By the way, welcome to Austin. I work just a couple minutes from the 360 bridge over Lake Austin, its nice to be able to be on the water within minutes of work.


----------



## stained (Jul 5, 2009)

If you don't have a 2wt or 3wt outfit BUY ONE. The wade in spots for Guads/ RGC's/Blue Gills in around Travis CO are seemingly endless. Look up Alvin Dedeaux for some first class fishing. I'm jealous. Post some pics when you get set up.

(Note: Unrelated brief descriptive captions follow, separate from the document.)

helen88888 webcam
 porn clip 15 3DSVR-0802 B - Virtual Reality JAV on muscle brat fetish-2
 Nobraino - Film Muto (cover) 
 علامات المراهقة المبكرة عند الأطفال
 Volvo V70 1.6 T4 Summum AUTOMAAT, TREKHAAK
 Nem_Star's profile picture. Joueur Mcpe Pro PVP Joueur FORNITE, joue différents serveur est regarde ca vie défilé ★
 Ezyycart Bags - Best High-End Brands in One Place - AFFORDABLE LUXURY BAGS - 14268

_Gaspergou is GasperGood..._


----------



## Gottagofishin (Dec 17, 2005)

I was thinking I'm going to need some lighter equipment. Is Alvin a guide? 

Thanks for the tips.


----------



## stained (Jul 5, 2009)

Gottagofishin said:


> I was thinking I'm going to need some lighter equipment. Is Alvin a guide?
> 
> Thanks for the tips.


Yep. He's a guide, former lead singer for Bad Mother Goose and one of the best story tellers around. http://www.alvindedeaux.com/

A 2-3wt for the creeks and streams and a 7-9wt for the Colorado River, etc.


----------



## Gottagofishin (Dec 17, 2005)

Looks like a cool guy. I like him from the pics. I'll give him a call and schedule something for Sept.


----------



## stained (Jul 5, 2009)

Great! I know you'll enjoy it. Ask Alvin about his 1st trip to New York City w/the band... 

The lack-o-water has shut down a lot of the small stream stuff around Travis County, but it rebounds quickly. Also consider the Llano and Frio Rivers and their drainages out west. 

When the water was right I had days where you could stand in one place and catch (what seemed like) 50 blue-gills and Guads/hour. 

Post the goods here to remind me good I once had it.


----------



## cool river (Feb 18, 2009)

*Austin*

Yeah, Sportsman's Finest has Kevin's book. A 2 or 3 weight is perfect for most of the water. Also, you might want to talk to Joe Robinson about his ultralight spin/fly combo. Pretty cool rod for those tight hill country creeks.


----------



## fishnstringer (Oct 20, 2006)

*GGF,*

welcome to Austin. I want to invite you to visit the Austin FlyFishers. Here's our website for further information:http://www.austinflyfishers.com/


----------